#### Short text fragments from websites:
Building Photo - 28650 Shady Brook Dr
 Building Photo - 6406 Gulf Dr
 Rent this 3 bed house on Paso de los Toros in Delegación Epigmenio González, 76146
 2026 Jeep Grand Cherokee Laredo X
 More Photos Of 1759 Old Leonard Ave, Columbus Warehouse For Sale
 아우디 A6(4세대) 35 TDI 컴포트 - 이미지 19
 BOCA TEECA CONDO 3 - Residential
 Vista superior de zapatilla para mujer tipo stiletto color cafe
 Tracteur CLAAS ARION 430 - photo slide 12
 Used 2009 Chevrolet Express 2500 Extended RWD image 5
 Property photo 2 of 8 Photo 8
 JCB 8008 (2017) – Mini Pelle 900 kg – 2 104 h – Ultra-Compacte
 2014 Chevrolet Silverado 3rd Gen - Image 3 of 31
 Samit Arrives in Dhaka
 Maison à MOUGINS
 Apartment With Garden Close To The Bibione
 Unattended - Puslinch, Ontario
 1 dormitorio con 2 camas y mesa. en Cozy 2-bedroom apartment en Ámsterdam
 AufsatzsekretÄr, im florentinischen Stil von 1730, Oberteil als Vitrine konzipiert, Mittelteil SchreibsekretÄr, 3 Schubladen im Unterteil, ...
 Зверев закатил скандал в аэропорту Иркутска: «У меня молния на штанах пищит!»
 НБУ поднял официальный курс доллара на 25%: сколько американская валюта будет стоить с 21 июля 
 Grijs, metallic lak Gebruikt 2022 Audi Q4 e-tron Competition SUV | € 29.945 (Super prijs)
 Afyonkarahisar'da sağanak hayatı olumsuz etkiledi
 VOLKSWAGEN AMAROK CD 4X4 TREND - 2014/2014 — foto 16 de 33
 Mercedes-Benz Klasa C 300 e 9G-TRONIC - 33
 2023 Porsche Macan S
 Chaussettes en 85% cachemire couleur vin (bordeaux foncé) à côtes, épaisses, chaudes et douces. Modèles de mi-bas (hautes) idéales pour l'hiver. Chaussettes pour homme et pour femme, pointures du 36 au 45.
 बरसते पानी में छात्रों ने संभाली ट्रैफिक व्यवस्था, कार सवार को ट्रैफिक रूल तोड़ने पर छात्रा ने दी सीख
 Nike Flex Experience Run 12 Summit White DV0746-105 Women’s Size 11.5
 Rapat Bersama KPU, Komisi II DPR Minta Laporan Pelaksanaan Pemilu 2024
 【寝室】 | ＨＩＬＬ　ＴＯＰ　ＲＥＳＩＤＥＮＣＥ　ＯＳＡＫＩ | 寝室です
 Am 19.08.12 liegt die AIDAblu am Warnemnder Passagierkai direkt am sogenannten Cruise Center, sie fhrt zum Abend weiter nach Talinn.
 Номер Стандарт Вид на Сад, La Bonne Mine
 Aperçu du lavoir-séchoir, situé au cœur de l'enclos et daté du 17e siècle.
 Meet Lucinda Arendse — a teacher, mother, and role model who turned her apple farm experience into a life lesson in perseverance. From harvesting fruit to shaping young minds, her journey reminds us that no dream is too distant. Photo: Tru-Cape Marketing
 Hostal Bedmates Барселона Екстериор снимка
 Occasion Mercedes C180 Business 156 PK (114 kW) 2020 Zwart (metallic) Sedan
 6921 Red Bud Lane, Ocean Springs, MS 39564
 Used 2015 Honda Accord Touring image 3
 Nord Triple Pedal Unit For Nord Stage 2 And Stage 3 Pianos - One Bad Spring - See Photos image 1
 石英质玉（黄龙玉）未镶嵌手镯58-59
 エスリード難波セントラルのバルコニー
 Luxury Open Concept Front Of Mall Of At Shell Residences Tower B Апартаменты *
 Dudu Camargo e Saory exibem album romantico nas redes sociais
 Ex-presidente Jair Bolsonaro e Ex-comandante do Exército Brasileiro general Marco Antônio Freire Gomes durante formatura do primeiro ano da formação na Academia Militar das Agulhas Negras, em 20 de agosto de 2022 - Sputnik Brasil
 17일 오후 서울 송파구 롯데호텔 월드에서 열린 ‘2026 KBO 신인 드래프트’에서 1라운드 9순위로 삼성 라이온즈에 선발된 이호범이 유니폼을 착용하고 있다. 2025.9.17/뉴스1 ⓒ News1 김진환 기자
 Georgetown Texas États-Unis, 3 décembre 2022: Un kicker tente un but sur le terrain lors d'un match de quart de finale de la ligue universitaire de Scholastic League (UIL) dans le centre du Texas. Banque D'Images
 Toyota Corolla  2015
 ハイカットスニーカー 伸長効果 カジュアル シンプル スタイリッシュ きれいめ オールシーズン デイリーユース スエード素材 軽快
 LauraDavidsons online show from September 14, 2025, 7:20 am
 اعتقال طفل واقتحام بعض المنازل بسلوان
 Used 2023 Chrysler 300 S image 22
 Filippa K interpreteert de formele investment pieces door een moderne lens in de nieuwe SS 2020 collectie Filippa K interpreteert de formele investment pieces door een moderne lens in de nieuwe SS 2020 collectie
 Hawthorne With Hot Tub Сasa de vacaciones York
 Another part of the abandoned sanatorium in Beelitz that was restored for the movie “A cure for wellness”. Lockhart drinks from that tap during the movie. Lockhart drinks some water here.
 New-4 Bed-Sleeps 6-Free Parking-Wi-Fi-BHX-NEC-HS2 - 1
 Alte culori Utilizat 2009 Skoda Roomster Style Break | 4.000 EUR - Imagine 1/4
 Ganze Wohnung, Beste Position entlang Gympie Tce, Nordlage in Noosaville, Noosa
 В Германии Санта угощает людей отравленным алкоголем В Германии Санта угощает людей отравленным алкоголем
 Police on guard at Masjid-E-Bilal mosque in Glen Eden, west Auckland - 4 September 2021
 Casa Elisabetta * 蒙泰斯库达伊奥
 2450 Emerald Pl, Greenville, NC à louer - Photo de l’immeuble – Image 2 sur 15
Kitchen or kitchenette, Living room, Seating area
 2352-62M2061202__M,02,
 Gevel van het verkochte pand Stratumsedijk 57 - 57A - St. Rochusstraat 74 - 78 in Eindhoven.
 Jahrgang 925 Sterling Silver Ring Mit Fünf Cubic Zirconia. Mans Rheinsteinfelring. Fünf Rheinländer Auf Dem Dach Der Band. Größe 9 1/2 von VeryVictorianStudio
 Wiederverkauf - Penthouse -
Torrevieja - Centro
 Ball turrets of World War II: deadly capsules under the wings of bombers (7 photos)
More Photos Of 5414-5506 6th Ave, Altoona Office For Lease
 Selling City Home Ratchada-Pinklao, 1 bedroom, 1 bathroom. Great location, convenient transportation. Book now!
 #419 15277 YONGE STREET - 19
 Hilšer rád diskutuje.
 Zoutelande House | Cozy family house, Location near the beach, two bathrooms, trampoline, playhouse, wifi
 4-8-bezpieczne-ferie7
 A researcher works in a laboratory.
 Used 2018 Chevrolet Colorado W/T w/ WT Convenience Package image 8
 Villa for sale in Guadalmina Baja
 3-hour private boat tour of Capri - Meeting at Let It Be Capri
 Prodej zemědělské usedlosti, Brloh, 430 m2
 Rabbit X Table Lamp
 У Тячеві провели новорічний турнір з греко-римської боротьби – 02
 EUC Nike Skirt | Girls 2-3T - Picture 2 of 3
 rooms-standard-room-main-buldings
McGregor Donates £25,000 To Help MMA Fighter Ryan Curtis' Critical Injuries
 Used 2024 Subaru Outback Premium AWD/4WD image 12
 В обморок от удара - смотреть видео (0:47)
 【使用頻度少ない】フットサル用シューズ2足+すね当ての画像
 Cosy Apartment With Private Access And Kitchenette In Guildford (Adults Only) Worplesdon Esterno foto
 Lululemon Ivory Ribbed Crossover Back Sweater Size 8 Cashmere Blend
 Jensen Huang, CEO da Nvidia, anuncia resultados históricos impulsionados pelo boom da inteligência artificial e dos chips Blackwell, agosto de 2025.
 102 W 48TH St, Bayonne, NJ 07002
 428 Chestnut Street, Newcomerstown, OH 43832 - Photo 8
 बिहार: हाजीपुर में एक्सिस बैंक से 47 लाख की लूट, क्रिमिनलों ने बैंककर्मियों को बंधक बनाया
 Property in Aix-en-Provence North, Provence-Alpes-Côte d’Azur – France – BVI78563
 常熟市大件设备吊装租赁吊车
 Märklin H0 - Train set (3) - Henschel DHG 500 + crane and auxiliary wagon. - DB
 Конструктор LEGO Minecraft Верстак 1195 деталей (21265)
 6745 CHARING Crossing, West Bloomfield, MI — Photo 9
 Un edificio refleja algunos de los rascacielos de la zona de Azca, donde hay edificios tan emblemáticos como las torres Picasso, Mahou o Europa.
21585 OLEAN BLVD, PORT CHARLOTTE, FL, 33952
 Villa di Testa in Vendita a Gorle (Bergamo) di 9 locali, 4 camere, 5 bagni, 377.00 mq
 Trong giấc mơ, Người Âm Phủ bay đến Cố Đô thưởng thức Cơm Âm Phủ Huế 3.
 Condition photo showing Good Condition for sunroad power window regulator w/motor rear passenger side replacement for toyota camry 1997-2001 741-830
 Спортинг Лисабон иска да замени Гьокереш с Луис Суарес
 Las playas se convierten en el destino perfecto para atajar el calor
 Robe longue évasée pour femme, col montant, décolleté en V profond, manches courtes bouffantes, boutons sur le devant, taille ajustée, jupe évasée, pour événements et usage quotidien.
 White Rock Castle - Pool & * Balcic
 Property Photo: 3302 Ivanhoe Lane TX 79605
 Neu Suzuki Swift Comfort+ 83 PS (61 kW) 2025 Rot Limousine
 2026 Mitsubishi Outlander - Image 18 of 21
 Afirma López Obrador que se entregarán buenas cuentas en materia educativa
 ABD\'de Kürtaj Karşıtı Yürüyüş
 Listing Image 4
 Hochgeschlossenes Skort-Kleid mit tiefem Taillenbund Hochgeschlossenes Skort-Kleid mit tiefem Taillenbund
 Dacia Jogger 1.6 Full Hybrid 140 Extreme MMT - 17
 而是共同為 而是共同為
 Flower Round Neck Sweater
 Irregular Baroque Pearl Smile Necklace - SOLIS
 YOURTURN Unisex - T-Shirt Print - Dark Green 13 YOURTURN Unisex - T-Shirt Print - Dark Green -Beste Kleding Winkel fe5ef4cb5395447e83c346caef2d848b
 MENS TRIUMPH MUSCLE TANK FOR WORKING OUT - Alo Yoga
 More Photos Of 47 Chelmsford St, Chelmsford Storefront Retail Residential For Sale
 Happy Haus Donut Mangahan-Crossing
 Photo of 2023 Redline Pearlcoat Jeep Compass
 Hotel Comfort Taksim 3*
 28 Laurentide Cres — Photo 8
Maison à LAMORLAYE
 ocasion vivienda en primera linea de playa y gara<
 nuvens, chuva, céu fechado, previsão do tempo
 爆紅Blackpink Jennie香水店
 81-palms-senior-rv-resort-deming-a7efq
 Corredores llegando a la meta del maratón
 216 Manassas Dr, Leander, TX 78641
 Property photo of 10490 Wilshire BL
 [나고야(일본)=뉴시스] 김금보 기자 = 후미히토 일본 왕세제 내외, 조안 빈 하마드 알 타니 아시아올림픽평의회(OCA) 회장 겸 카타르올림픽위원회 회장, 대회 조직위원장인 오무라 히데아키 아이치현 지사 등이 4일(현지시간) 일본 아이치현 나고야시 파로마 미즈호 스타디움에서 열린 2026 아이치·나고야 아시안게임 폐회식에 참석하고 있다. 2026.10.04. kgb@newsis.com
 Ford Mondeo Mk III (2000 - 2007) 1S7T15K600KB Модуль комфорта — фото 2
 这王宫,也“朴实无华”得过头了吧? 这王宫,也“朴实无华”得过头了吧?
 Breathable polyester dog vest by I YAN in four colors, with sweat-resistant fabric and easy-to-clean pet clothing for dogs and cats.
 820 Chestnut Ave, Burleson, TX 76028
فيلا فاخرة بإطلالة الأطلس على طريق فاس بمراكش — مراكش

#### WHAT YOU NEED TO DO:
For this exercise, please output exactly the lines above starting at the line with "Maison à MOUGINS" and ending at the line with "AufsatzsekretÄr, im florentinischen", ends included.

#### ANSWER BOX:
 Maison à MOUGINS
 Apartment With Garden Close To The Bibione
 Unattended - Puslinch, Ontario
 1 dormitorio con 2 camas y mesa. en Cozy 2-bedroom apartment en Ámsterdam
 AufsatzsekretÄr, im florentinischen Stil von 1730, Oberteil als Vitrine konzipiert, Mittelteil SchreibsekretÄr, 3 Schubladen im Unterteil, ...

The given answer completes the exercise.